History

United Kingdom
- Name: Prince of Wales
- Namesake: Prince of Wales
- Launched: "Old", in France
- Acquired: 1815 by purchase of a prize
- Fate: Last listed 1833

General characteristics
- Tons burthen: 265 (LR), or 276 RS (bm)

= Prince of Wales (1815 ship) =

UK merchant ship and whaler (1815–1833

Prince of Wales was a French prize that first appeared in British records in 1815. She became a West Indiaman and then made three voyages as a whaler in the southern whale fishery. She returned to mercantile service and was last listed in 1833.

==Career==
Prince of Wales first appeared in Lloyd's Register (LR) in 1815.

| Year | Master | Owner | Trade | Source & notes |
|---|---|---|---|---|
| 1815 | M'William | Hawker & Co. | Plymouth–London | LR |
| 1816 | M'William | Hawker & Co. | Plymouth–London Plymouth–West Indies | LR; large repair 1816 |
| 1818 | M'William | Hawker & Co. | Plymouth–West Indies | LR; large repair 1816 |
| 1819 | Hathaway | Hawker & Co. | Plymouth–South Seas | LR; large repairs 1816 & small repairs 1819; hogged |

1st whaling voyage (1818–1819): Captain George Hathaway sailed from Plymouth on 1 May 1818, bound for the "South Seas". He returned on 4 May 1819.

2nd whaling voyage (1820–1821): Captain Hathaway sailed from Plymouth on 30 June 1820, bound for the Brazil Banks, Walvis Bay, and Saldana Bay. He returned on 3 February 1821.

| Year | Master | Owner | Trade | Source & notes |
|---|---|---|---|---|
| 1821 | Hathaway | Hawker & Co. | Plymouth–South Seas | LR; small repairs 1819; hogged |
| 1823 | Hathaway | J.Hawker | Plymouth–South Seas | RS; large repair 1816 & 1819, & good repair 1821 |

3rd whaling voyage (1821–1823): Captain Hathaway sailed from Plymouth on 22 April 1821, bound for Walvis Bay and the Brazil Banks.

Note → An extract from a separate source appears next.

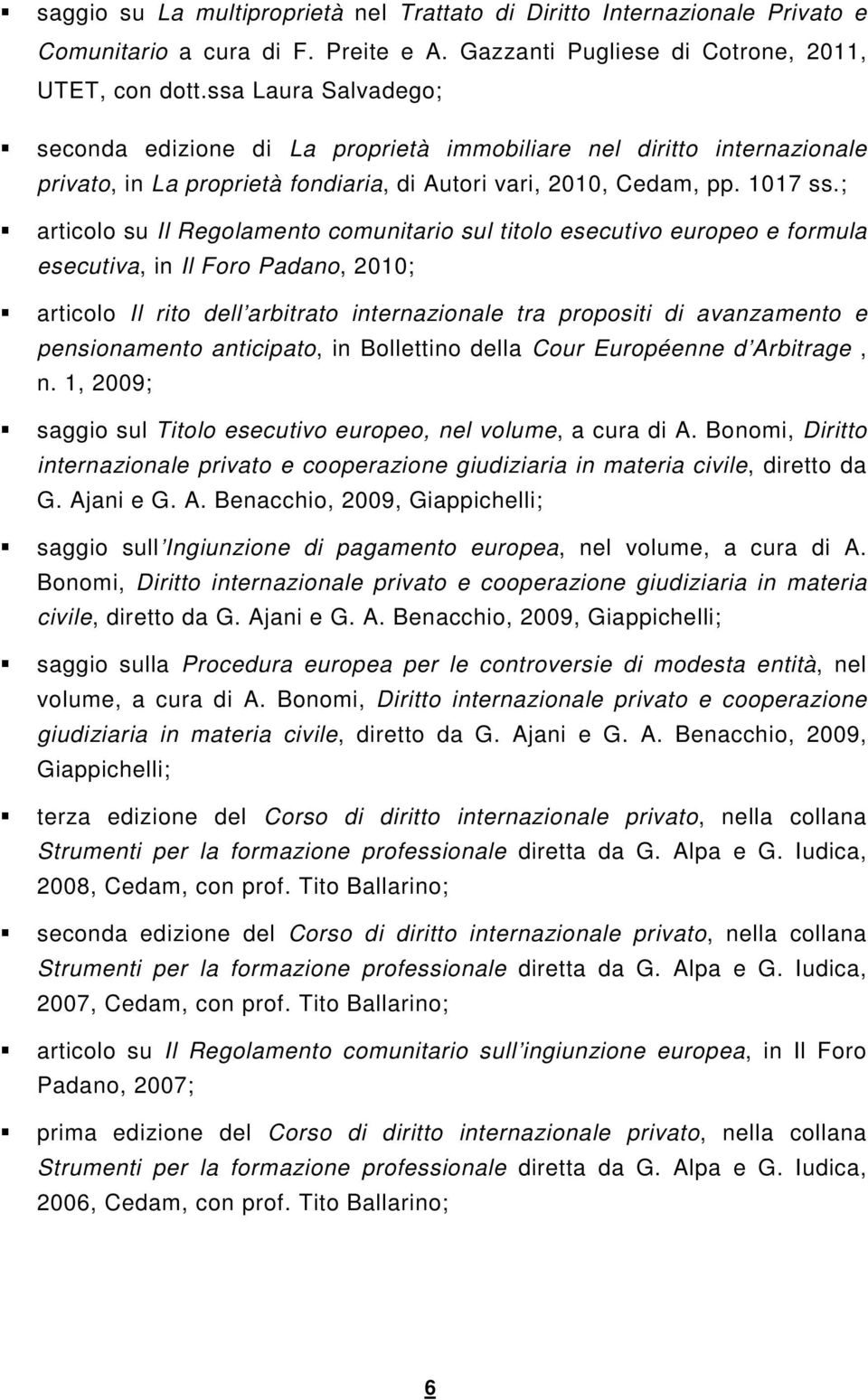 ; articolo su Il Regolamento comunitario sul titolo esecutivo europeo e formula esecutiva, in Il Foro Padano, 2010; articolo Il rito dell arbitrato internazionale tra propositi di avanzamento e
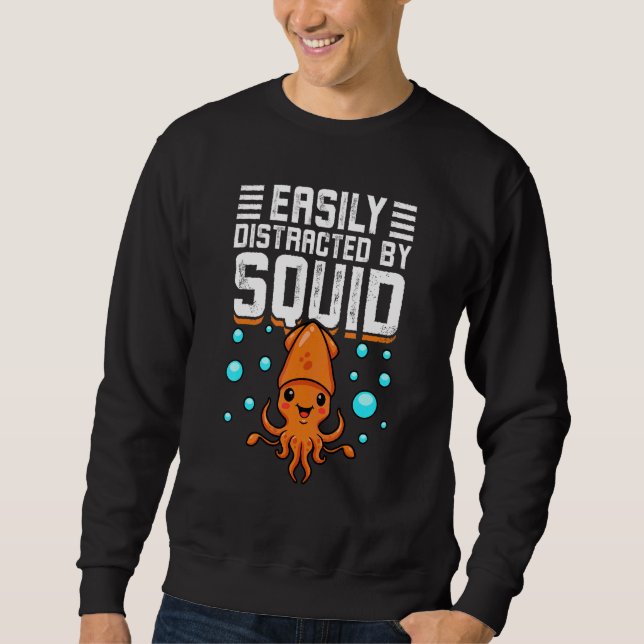 Sudadera Fácilmente Distraído Por Calamar Pulpo  Sepia Cala (Anverso)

Prince of Wales returned on 18 February 1823.

| Year | Master | Owner | Trade | Source & notes |
|---|---|---|---|---|
| 1825 | Smith | J.&J. Black | Shields–London | RS; thorough repair 1823 |

On her return from whaling new owners employed Prince of Wales in the coastal trade. On 28 September 1823 Prince of Wales, Smith, master, stopped at Newcastle, having come from London. She was leaky after having grounded in the Thames.

| Year | Master | Owner | Trade | Source & notes |
|---|---|---|---|---|
| 1827 | Smith | J.& J. Black | Newcastle–London | RS; thorough repair 1823 |

The Register of Shipping continued to carry Prince of Wales with data unchanged from 1827 until the register ceased publication in 1833. Lloyd's Register had ceased carrying Prince of Wales shortly after the change of ownership to J.&J. Black, but without acknowledging the change.